▶ [WORK ORDER] Copy each line of the listing that includes "Clear".

▶ [DATA FOR ANALYSIS]
□ □ □ □ □ □ □
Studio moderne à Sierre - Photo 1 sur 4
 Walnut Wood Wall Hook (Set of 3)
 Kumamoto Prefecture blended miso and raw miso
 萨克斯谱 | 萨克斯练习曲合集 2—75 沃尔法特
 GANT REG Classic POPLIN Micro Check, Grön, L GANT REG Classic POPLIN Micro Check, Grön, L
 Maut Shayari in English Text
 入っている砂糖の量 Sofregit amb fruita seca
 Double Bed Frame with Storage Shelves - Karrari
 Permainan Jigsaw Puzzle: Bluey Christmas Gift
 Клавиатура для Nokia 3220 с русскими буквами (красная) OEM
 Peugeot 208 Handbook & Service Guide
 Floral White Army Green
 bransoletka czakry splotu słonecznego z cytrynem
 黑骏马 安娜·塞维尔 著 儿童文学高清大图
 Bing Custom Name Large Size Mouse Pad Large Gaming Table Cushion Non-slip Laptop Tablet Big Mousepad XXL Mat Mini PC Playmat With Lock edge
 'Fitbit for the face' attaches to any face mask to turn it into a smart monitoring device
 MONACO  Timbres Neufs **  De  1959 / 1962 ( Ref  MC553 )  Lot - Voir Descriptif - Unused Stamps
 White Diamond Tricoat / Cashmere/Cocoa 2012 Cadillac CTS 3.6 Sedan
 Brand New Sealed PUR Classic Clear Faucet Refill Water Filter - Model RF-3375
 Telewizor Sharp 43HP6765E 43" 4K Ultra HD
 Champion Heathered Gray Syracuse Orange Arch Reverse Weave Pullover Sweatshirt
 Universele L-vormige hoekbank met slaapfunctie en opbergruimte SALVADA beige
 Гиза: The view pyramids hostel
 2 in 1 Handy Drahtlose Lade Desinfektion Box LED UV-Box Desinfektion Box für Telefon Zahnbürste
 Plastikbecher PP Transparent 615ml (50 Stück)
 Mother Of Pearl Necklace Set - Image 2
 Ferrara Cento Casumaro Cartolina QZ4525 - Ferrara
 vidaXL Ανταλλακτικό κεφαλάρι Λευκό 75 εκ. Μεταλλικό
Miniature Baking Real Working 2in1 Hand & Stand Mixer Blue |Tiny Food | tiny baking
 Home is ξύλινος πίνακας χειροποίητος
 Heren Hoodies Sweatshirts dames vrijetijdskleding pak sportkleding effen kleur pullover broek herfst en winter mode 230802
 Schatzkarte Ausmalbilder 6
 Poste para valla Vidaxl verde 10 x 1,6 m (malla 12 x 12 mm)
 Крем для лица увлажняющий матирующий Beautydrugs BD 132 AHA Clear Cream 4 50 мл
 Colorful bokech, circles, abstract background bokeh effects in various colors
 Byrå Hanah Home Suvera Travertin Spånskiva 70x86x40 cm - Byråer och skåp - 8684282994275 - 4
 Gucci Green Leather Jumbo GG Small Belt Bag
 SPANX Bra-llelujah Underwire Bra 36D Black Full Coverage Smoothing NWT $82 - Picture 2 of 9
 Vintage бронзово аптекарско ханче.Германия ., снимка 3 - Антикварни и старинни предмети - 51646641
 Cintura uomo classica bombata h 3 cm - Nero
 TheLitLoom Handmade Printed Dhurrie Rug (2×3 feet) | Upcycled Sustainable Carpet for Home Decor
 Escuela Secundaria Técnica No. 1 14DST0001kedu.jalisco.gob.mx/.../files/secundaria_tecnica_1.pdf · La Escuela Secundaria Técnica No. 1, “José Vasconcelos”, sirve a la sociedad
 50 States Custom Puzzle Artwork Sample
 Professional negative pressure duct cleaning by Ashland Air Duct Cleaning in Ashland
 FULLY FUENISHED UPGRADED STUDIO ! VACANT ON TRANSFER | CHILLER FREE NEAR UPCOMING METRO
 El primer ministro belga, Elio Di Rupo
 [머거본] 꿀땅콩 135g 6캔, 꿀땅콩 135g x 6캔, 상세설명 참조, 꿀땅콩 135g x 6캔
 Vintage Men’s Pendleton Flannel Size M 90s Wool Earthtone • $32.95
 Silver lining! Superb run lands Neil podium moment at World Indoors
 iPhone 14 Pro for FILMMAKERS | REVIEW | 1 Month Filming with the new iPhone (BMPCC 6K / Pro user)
□ □ □ □ □ □ □
▶ [RESPONSE TO THE TASK]
 Brand New Sealed PUR Classic Clear Faucet Refill Water Filter - Model RF-3375
 Крем для лица увлажняющий матирующий Beautydrugs BD 132 AHA Clear Cream 4 50 мл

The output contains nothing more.